Wrenna Robson (Nov 15 2024 at 17:21):
https://www.rfc-editor.org/rfc/rfc8391#section-4.1.6
Arthur Adjedj (Nov 15 2024 at 17:22):
What you want is a nested indexed datatype. Lean currently doesn't manage those. One solution would be to (manually) convert your nested inductive type into a mutual type such as this one:
mutual
inductive OptionBTree (β : Type u) : Nat → Type u
| none : OptionBTree β n
| some : BTree β n → OptionBTree β n
inductive BTree (β : Type u) : (n : Nat) → Type u where
| leaf : β → BTree β n
| node : OptionBTree β n → OptionBTree β n → BTree β (n + 1)
end
Edward van de Meent (Nov 15 2024 at 17:23):
lean does manage it tho? you may have previously come across versions with List
s, for that matter.
Wrenna Robson (Nov 15 2024 at 17:23):
Yeah my second version above works :)
Edward van de Meent (Nov 15 2024 at 17:24):
i seem to recall it was a special implementation for only a few basic inductive types tho, but Option
is among them
Edward van de Meent (Nov 15 2024 at 17:24):
(i could be wrong)
Arthur Adjedj (Nov 15 2024 at 17:25):
Wrenna Robson said:
Yeah my second version above works :)
I get the following error on your second version (running on nightly):
inductive BTree (β : Type u) : (n : Nat) → Type u where
| leaf : β → BTree β n
| node : Option (BTree β n) → Option (BTree β n) → BTree β (n + 1)
/-(kernel) invalid nested inductive datatype 'Option', nested inductive datatypes parameters cannot contain local variables.-/
Wrenna Robson (Nov 15 2024 at 17:26):
Odd. I do get it in a fresh file, but I don't in my other one, but I really thought I wasn't using any imports
Arthur Adjedj (Nov 15 2024 at 17:27):
Edward van de Meent said:
lean does manage it tho? you may have previously come across versions with
List
s, for that matter.
Lean manages nested inductive types, and managed indexed inductive types, but it does not manage nested indexed inductive types. For example, the following fails:
inductive Foo (A : Type)
set_option inductive.autoPromoteIndices false in
inductive Bar (A : Type) : Nat → Type
| bar : Foo (Bar A n) → Bar A n
Wrenna Robson (Nov 15 2024 at 17:28):
Ah, this works:
inductive BTree {n : ℕ} (β : Type u) : (n : ℕ) → Type u where
| leaf : β → BTree β 0
| node : Option (BTree β n) → Option (BTree β n) → BTree β (n + 1)

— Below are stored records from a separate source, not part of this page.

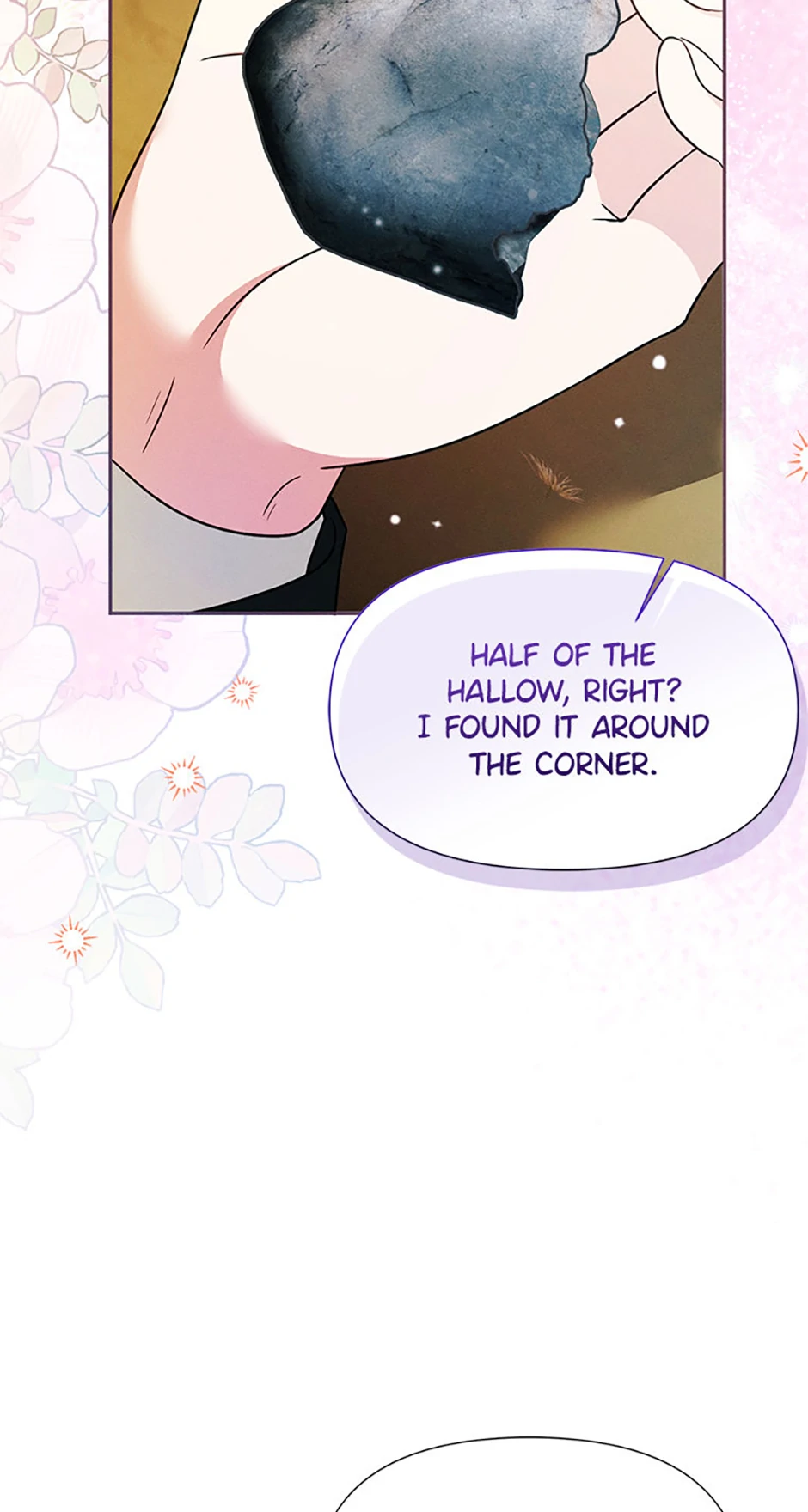 The Goal is to be Self-made Chapter 92 268 ch 92 33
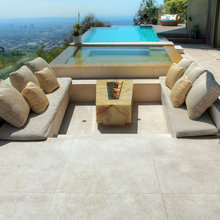 Pool & Patio
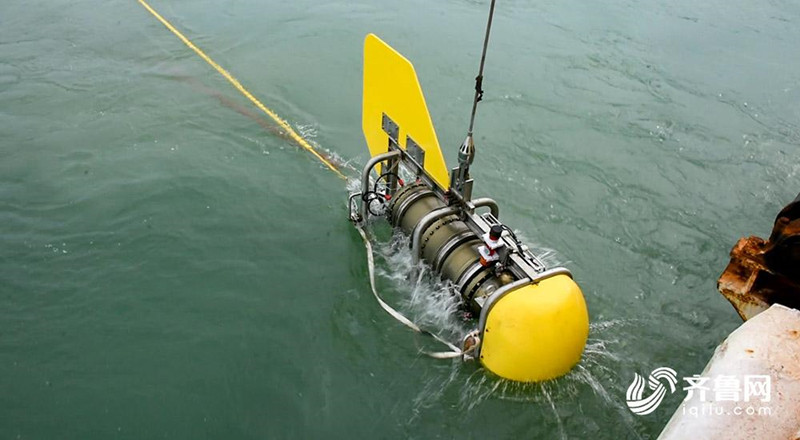 青岛：李予国团队成功研发海洋可控源电磁勘探系统_fororder_3_副本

Wrenna Robson (Nov 15 2024 at 17:28):
I had a variable
somewhere that was introducing the {n : ℕ}
Wrenna Robson (Nov 15 2024 at 17:28):
So that's not really what I want, certainly.
Arthur Adjedj (Nov 15 2024 at 17:29):
Wrenna Robson said:
Odd. I do get it in a fresh file, but I don't in my other one, but I really thought I wasn't using any imports
No imports can solve this. Are you sure you sent the "right" definition ? something like this would pass, because Nat
would be promoted to a parameter instead of an index.
inductive BTree (β : Type u) : (n : Nat) → Type u where
| leaf : β → BTree β n
| node : Option (BTree β n) → Option (BTree β n) → BTree β n --used to be BTree β (n+1)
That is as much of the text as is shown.